Is there a GPU version of the app in the works?

Richard Haselgrove

Joined: 10 Dec 05

Posts: 2142

Credit: 2776017938

RAC: 805554

RE: The problem is, I don't

10 Feb 2009 9:44:47 UTC

Message 87170 in response to message 87169

(moderation:

)

Quote:

The problem is, I don't think, really appreciated by the developers that this new capability is a significant departure from the past and yet my impression of the comments that have been made is that the approach is that a GPU is really a CPU by another name. Yet, I can put a GTX 295, GTX 280, and a 9800 GT in to a three slot system and the GPUs have vastly different capabilities for processing work. More interesting to me is the continuing research by Richard that (on a perliminary basis at least) seems to indicate that in the case of SaH the additional capabilities of the higher end cards does not produce improved processing performance.

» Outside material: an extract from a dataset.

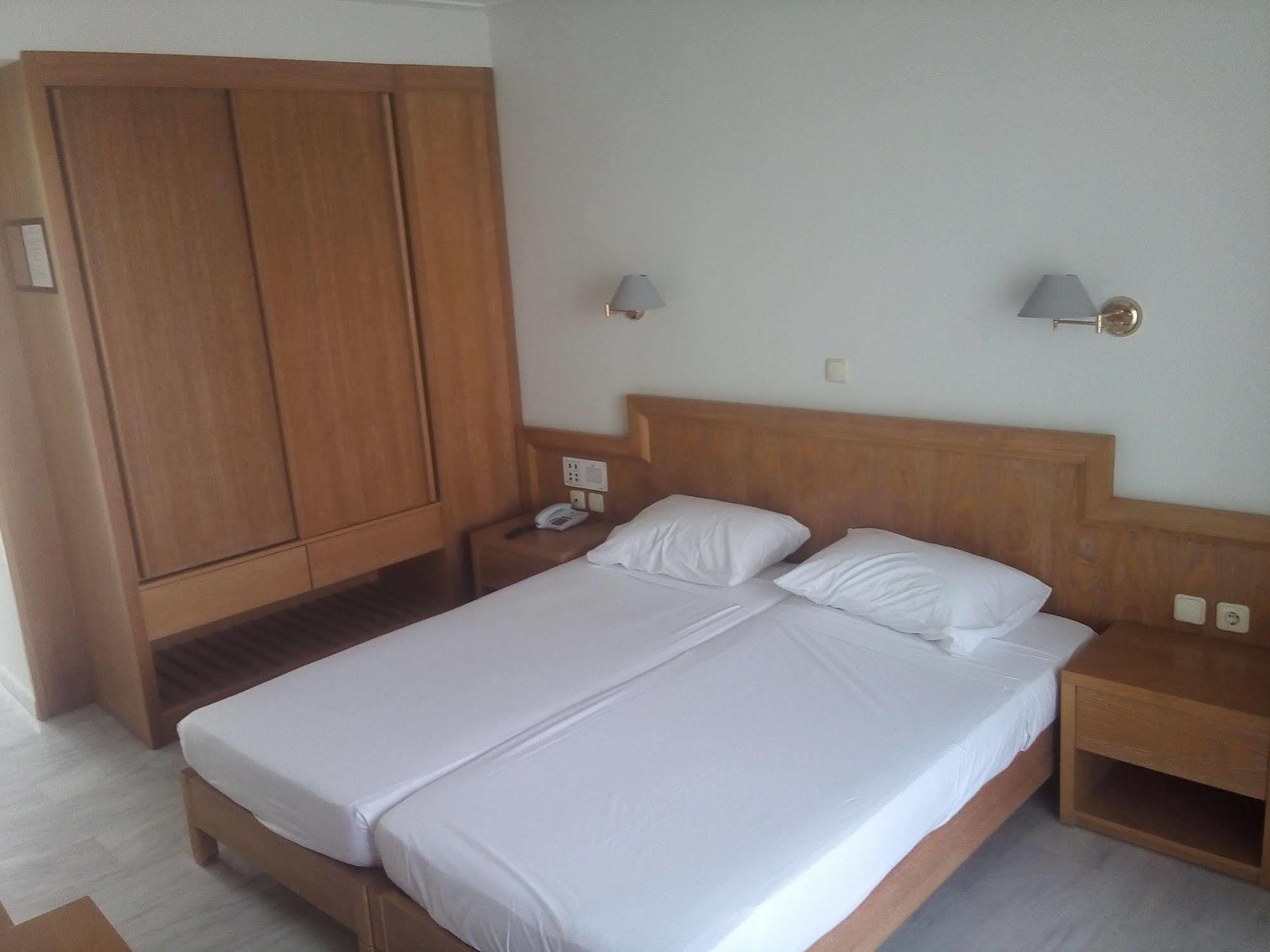 Anita Beach Hotel- Adults Only Rethymno  Exterior photo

Paul is referring to this thread where my trusty Excel grapher has come out to play again.

I wouldn't go so far as to say that the higher-spec cards (the 2xx range) produce no improvement, just that the improvement that exists is much less than you might have expected. We have one case where a GTX295 shows a mere 10% improvement over a 9800GTX+ in some runs, but a 40% improvement in other runs - a clear band-gap between the two. I don't understand that.

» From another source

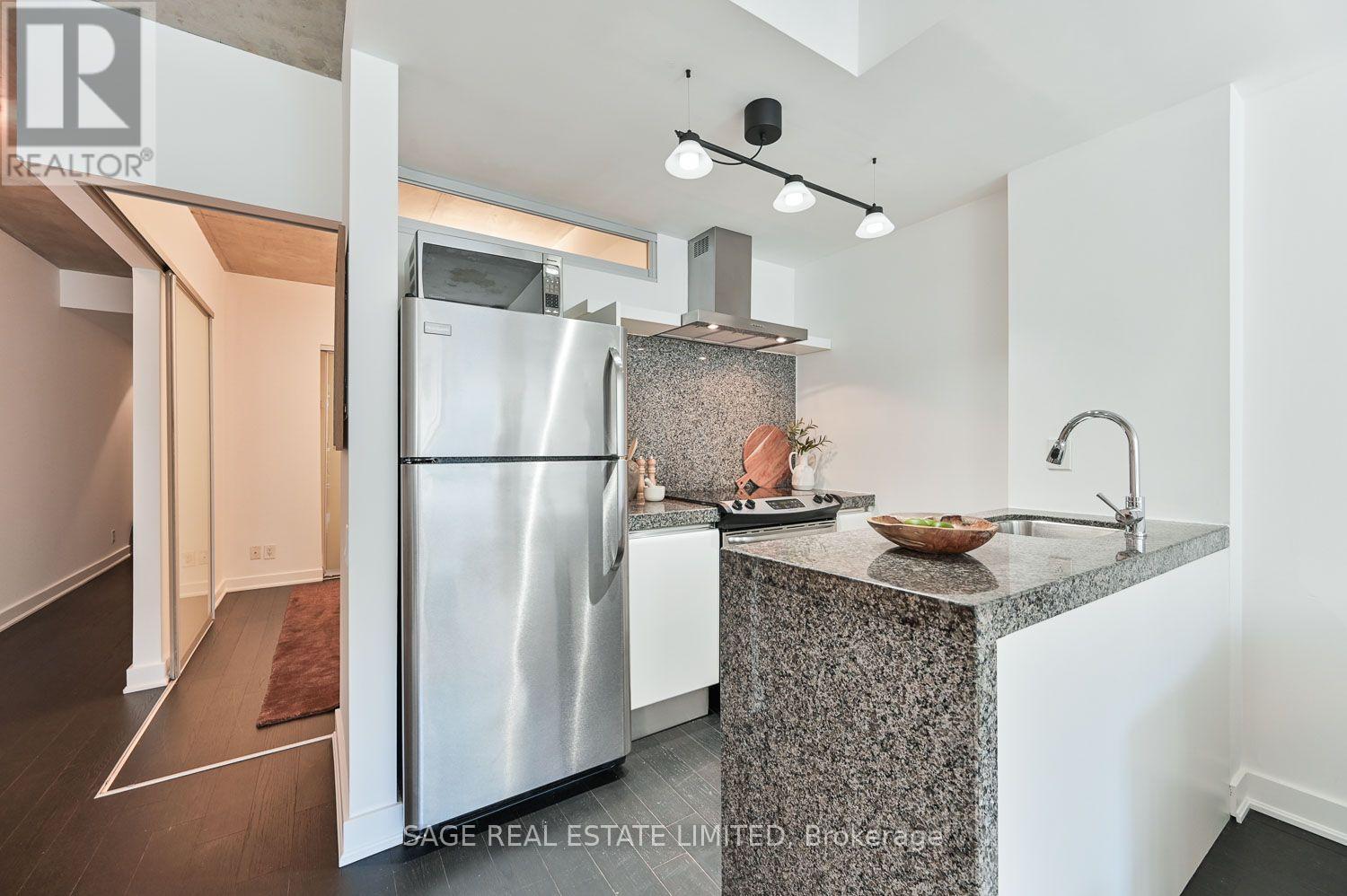 215 - 75 Portland Street, Toronto, ON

Bear in mind that the SETI application is still young and inexperienced, and those %age readings were taken in the range where it is most problematic. I don't think it would be fair or wise to base long-term purchasing decisions on the limited data so far - though I must say I don't regret my decision to start with the 9800 range.

Paul D. Buck

Joined: 17 Jan 05

Posts: 754

Credit: 5385205

RAC: 0

RE: RE: The problem is, I

10 Feb 2009 15:21:50 UTC

Message 87171 in response to message 87170

(moderation:

)

Quote:

Quote:
The problem is, I don't think, really appreciated by the developers that this new capability is a significant departure from the past and yet my impression of the comments that have been made is that the approach is that a GPU is really a CPU by another name. Yet, I can put a GTX 295, GTX 280, and a 9800 GT in to a three slot system and the GPUs have vastly different capabilities for processing work. More interesting to me is the continuing research by Richard that (on a perliminary basis at least) seems to indicate that in the case of SaH the additional capabilities of the higher end cards does not produce improved processing performance.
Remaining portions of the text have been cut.